The institutions in the Coalition will be supported in their plans and work over the next two years as they demonstrate how making a priority of creating and sustaining a campus culture for learning elevates expectations, involves greater faculty and student interaction, broadens reward structures, and results in greater attainment of the academic, well-being, and civic development of students.
With the generous support of the S. Engelhard Center, the Charles Engelhard Foundation, the Christian A. Johnson Endeavor Foundation, and the Lumina Foundation, the Bringing Theory to Practice Project, an independent project in partnership with the Association of American Colleges and Universities, sought applications and plans from interested institutions of all types offering baccalaureate degrees. From those applications, it has selected and will offer grant support to forty-five colleges and universities as they form a Leadership Coalition.
The initial activity of the Coalition will be a President’s Symposium, to be held in Washington, DC, November 10-11, 2008. The objective in forming the Coalition is to encourage and support those institutions which are committed to providing successful models of how a campus culture focused on actively engaging students in learning, and evaluating their success in doing so, can address the full dimensions of the intellectual, emotional, and civic flourishing of students.
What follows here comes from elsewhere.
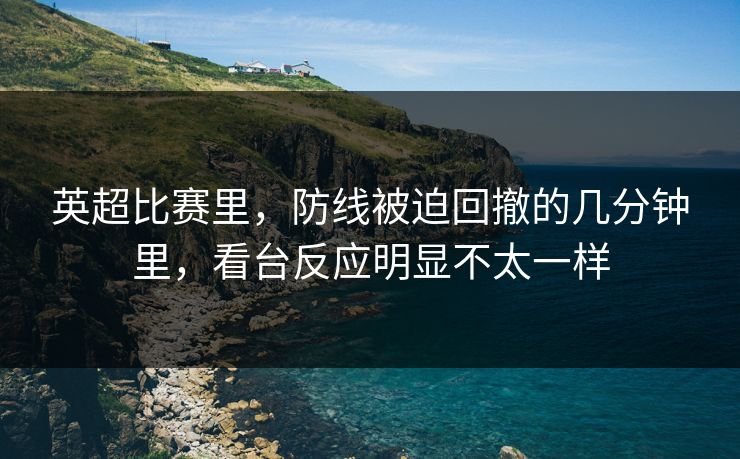 英超比赛里，防线被迫回撤的几分钟里，看台反应明显不太一样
According to Sally Engelhard Pingree, Project founder and primary funder, “creating campus cultures that help students achieve all of the core outcomes of liberal education can become the defining condition for institutional excellence and appeal, and the best means of re-centering higher education’s focus on the whole student”. For Donald W. Harward, President Emeritus of Bates College and Director of the BTtoP Project, “The Symposium and the Coalition will call upon presidents as educators to be active in leading the institutional efforts necessary to create and sustain their own campus cultures for learning—and to be supported as their institutions gain recognition as national models.”
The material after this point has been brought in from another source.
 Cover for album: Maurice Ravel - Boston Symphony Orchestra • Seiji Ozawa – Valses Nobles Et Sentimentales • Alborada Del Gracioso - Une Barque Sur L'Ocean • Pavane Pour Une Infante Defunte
The 45 presidents (leading diverse types and locations of institutions) attending the two-day Symposium will form the nucleus of the Leadership Coalition. In addition to receiving grant support, the participating institutions agree to:
- Hold relevant internal conversations regarding the institution’s commitment to a call for a “campus culture for learning”, what that will mean for their campus, and what strategies they may employ.
- Establish a leadership/planning team that would initiate plans to fit their own institutional culture. The plans they develop will be presented at a national workshop session in 2009.
- Put into practice their plans beginning in calendar year ’09. A retrieval and dissemination conference will occur 2010. The campus projects will constitute the examples that will become the central features of a nationally distributed publication, promulgating the institutions as models of successful, effective and affordable “Strategies for Change in Creating and Sustaining Campus Cultures for Learning”.
The BTtoP Project and its funders extend their congratulations and profound respect for the institutional achievements already gained by those colleges and universities participating in the Leadership Coalition and to recognize the presidents of those institutions as national educational leaders.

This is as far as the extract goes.